== Exercise description ==
In the listing below, the lines starting at the line with "Elho Green Basics" and ending at the line with "White Fox Boutique Tops" are to be output verbatim. Images stay out of the copy.

== The records ==

======

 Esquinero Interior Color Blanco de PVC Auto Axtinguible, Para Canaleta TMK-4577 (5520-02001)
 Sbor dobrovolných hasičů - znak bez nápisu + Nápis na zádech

======

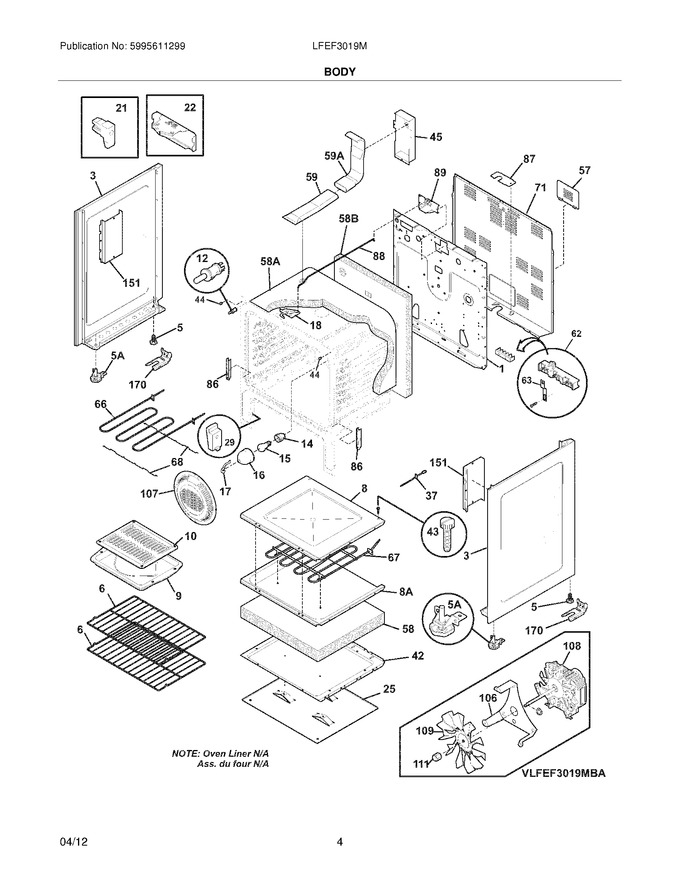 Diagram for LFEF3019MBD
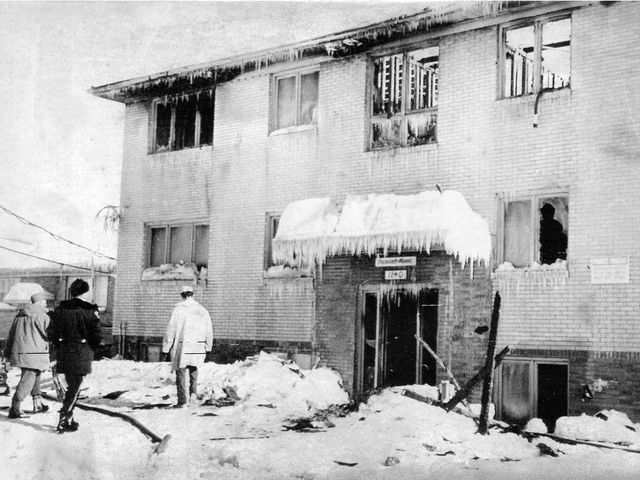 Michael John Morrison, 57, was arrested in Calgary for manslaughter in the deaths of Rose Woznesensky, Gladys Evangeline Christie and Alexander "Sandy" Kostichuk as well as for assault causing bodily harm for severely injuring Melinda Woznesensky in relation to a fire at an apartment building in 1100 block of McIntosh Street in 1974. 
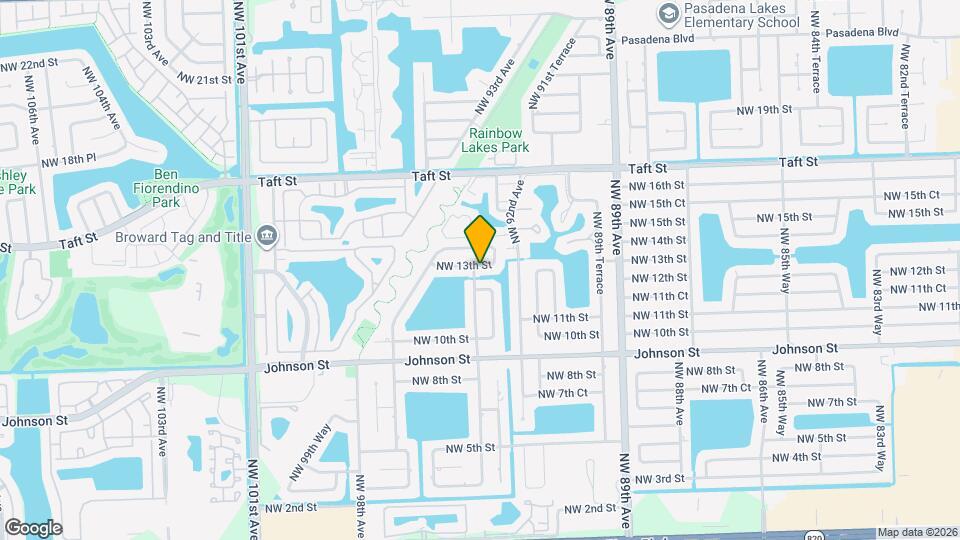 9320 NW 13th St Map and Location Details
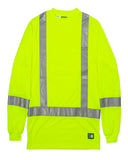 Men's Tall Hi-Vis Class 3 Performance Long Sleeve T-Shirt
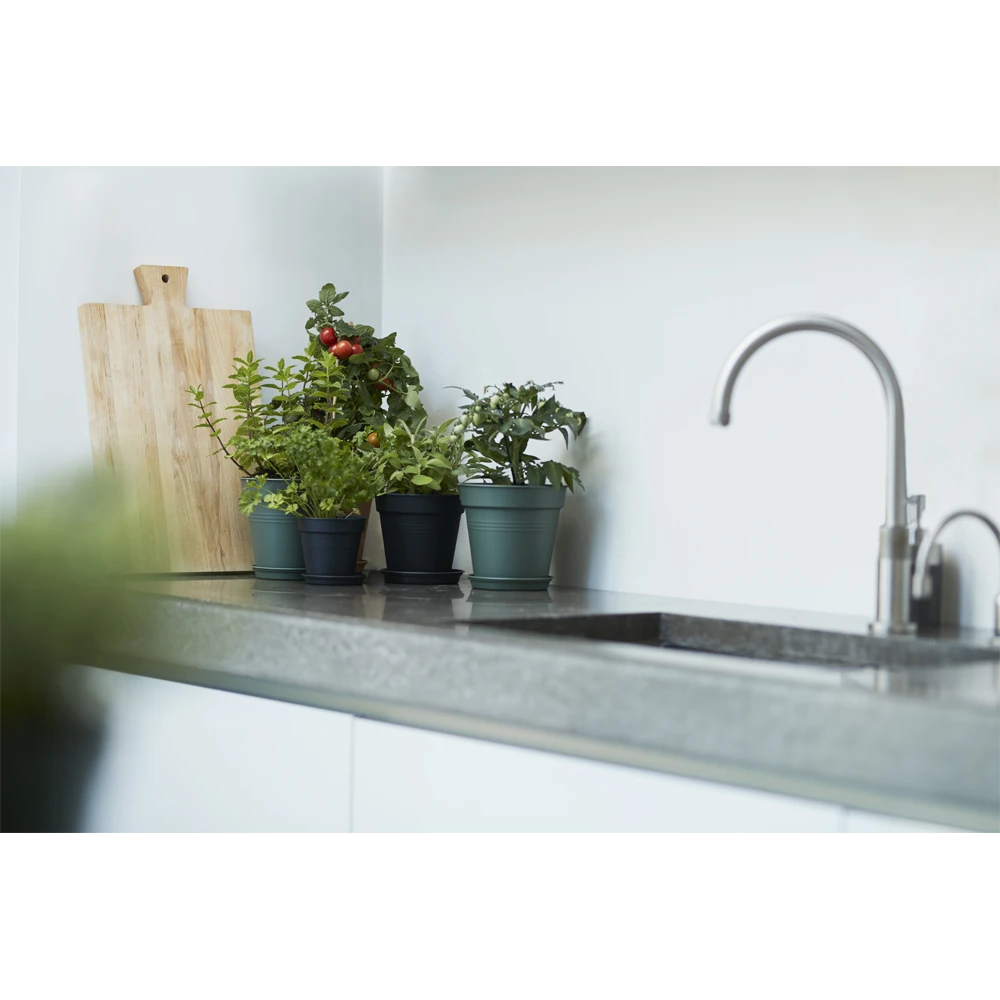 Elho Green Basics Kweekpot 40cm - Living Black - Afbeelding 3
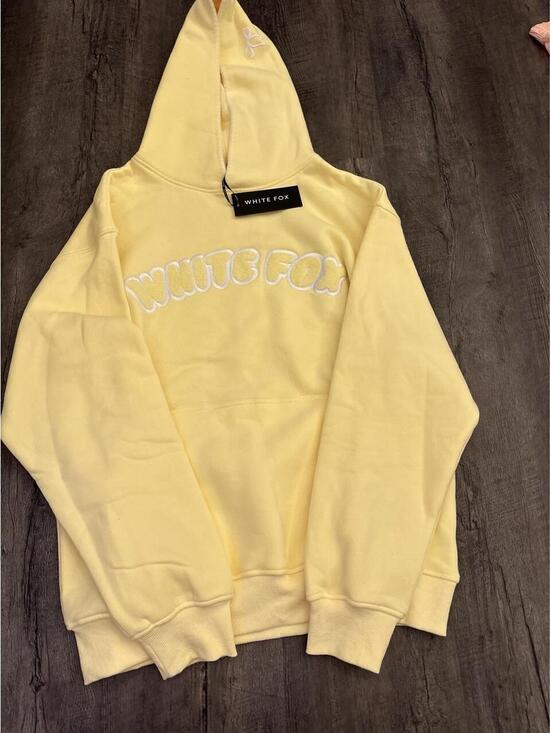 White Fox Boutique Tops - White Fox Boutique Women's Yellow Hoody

======

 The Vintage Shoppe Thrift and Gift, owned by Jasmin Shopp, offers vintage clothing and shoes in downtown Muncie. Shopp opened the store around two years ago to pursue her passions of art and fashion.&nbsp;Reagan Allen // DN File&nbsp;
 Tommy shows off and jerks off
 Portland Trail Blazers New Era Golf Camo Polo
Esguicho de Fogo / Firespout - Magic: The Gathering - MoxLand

======

== Solution to the exercise ==
 Elho Green Basics Kweekpot 40cm - Living Black - Afbeelding 3
 White Fox Boutique Tops - White Fox Boutique Women's Yellow Hoody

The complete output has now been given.